Collezione privata, Milano (acquistato direttamente dall'artista nel 1950 circa)

Catalogue Note

 

Il dipinto, sconosciuto alla critica, ma credibilmente esposto in occasione della mostra personale di Oreste Albertini svoltasi nelle sale della sede milanese del Club Alpino Italiano, nel dicembre del 1932, propone il suo autore come sensibile erede di quel naturalismo lombardo che, a partire dalla metà degli anni ottanta dell'Ottocento, aveva caratterizzato la nostra pittura di paesaggio e come singolare interprete di un certo linguaggio d'ascendenza segantiniana - scevro, però, delle implicazioni scientifiche che avevano connotato il divisionismo - che Albertini adotterà, con pochi e irrilevanti cambiamenti, nell'arco di tutta la sua produzione.

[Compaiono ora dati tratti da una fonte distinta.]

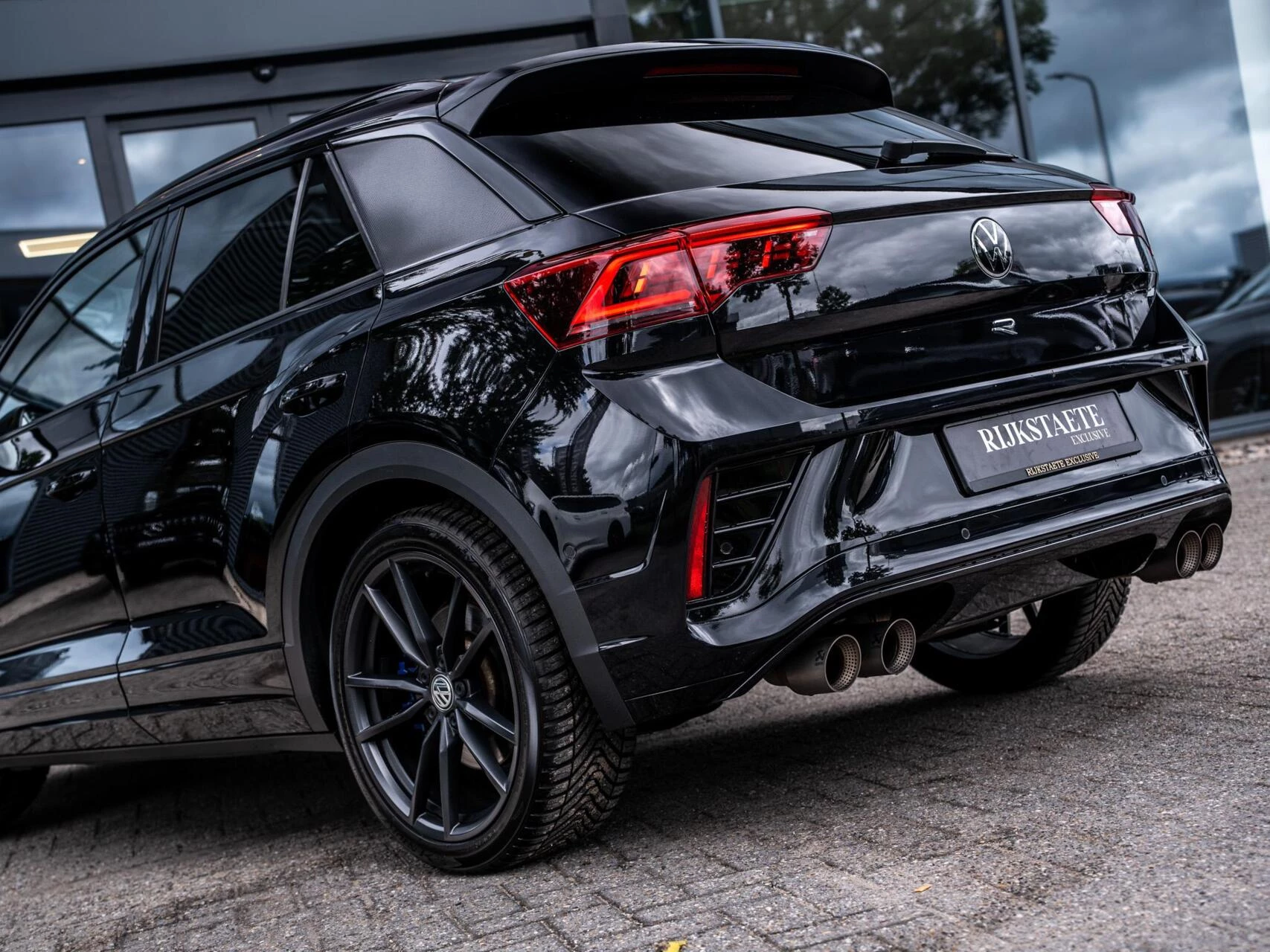 Hoofdafbeelding Volkswagen T-Roc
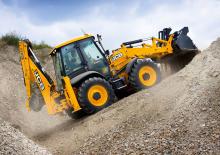 Baggerlader JCB 4CX 15FT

Nato nel 1887 a Torre del Mangano, una località nelle campagne pavesi, Albertini si dedica con continuità alla pittura, solo, a partire dai primi anni venti, quando si trasferisce con la moglie a Besano, eleggendo il piccolo paese nelle vicinanze di Varese - immortalato dall'autore in moltissime tele - quale luogo privilegiato per vivere e dipingere e che, se si escludono gli anni dal 1925 al 1932 trascorsi a Viconago, il pittore raramente abbandonerà.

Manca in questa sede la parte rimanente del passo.